According to the U.S. Conference of Catholic Bishops, because of the overwhelming number of immigrants crossing the border, the conditions of the temporary facilities “are lacking in even the most basic services and conditions.”

For two days, Ana and her two sons slept on a bare, cement floor. It was cold, and they had no blankets. Her oldest son slept sitting up, while the younger son slept with his head on his brother’s leg.

“I didn’t eat or sleep for two days,” Ana said. “I was so scared. I began shaking. They asked why I hadn’t moved to a different place in Honduras. I told them because of the violence. They asked why I didn’t move to Mexico. I said I didn’t have family there. They wanted me to sign a form, but I was so scared. I didn’t speak English and didn’t understand what I was signing. I began to cry.

“One of the [guards/immigration officials] became so angry when I wouldn’t sign that he made a slashing motion across his throat. I was so scared I would be killed.”

Eventually her sister, who resides with Ana’s mother in southwest Kansas, convinced her by phone to sign the paper, and she and her two boys were released.

With no money and no food, the three stood helpless outside the detention center; Ana was crying. With little hope, a kind woman spotted them on the road and offered them her phone, which Ana used to call her sister. The woman took them to McDonalds and told them to order whatever they wanted. Ana was so distraught that she couldn’t eat. Then the woman took them to a Catholic church where Ana offered thanks to God.

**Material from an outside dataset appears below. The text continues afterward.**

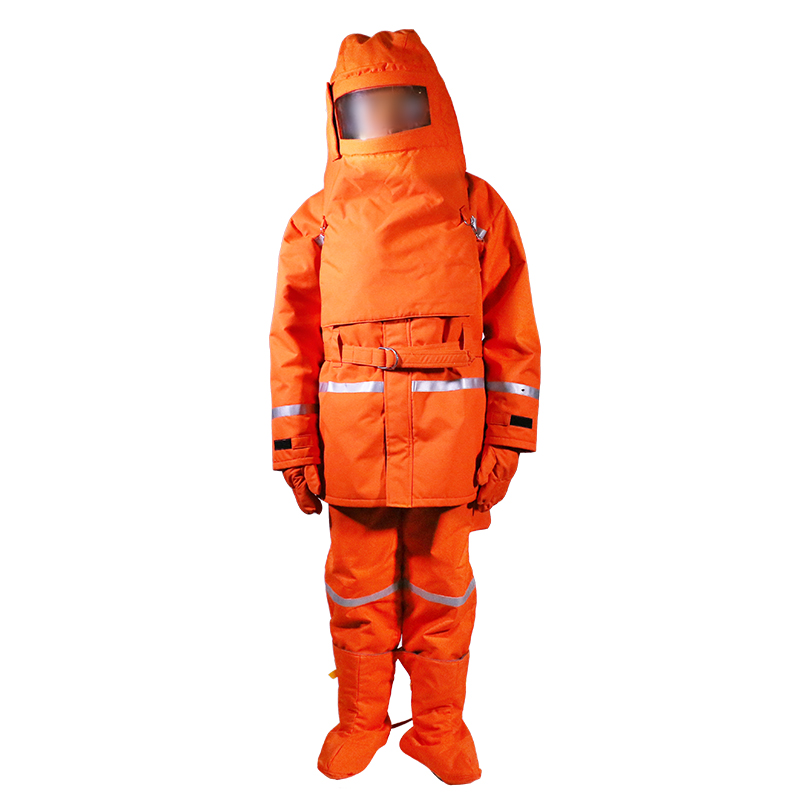 Fireman's protective clothing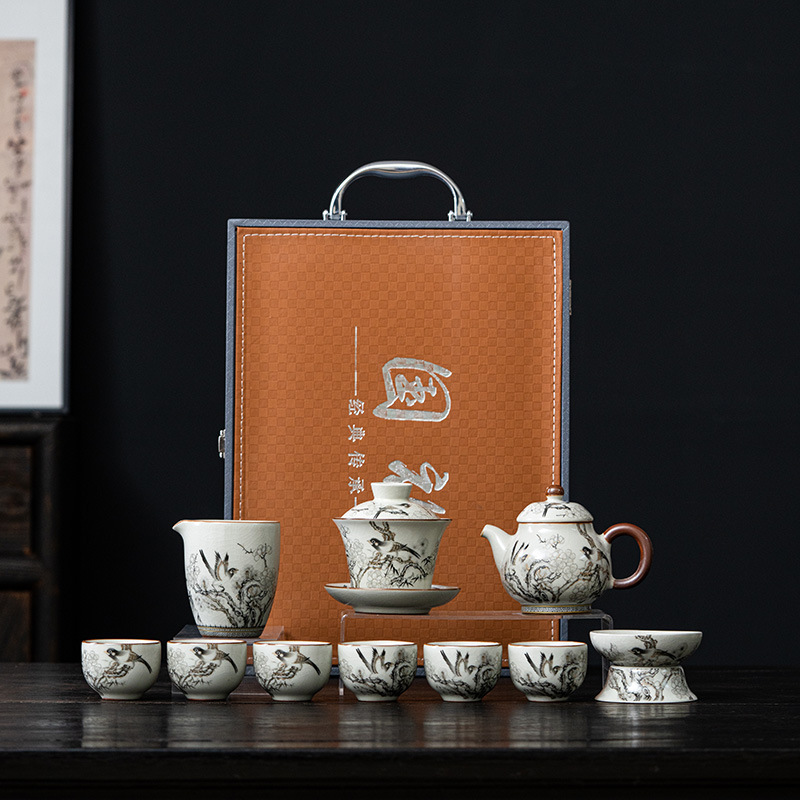 Bộ Ấm Chén Hỉ Thượng Mi Sao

A priest brought them to a “place for food and rest” where they slept two nights. “It was wonderful; I helped cook,” she said.

Even better than the food and shelter, is the fact that they offered help in finding her husband and daughter.

Meanwhile, back in Kansas, Ana’s mother and sister obtained the aid of a minister. He enlisted the help of his congregation to raise the gas money so that he personally drive to Texas, pick up Ana’s family, and bring them back to Kansas. It turned out that Ana’s husband and their little girl had been released after only two hours of incarceration, and had been given shelter by her husband’s friend in Dallas.

As the Register spoke to Ana, her husband and daughter were packing their bags to begin the end of their long journey. “They should be here tomorrow,” Ana said with a broad grin. “When we talk on the phone, we want to have each other in our arms so bad that we cry. He’s my support. He’s my shoulder.”

Soon they will have to report to the immigration office in Wichita where they will have the difficult task of proving that “the fear; the absolute fear” of staying in their homeland is real.

If they are unable to do so, the family faces the very real possibility of being deported back to the violence they left behind.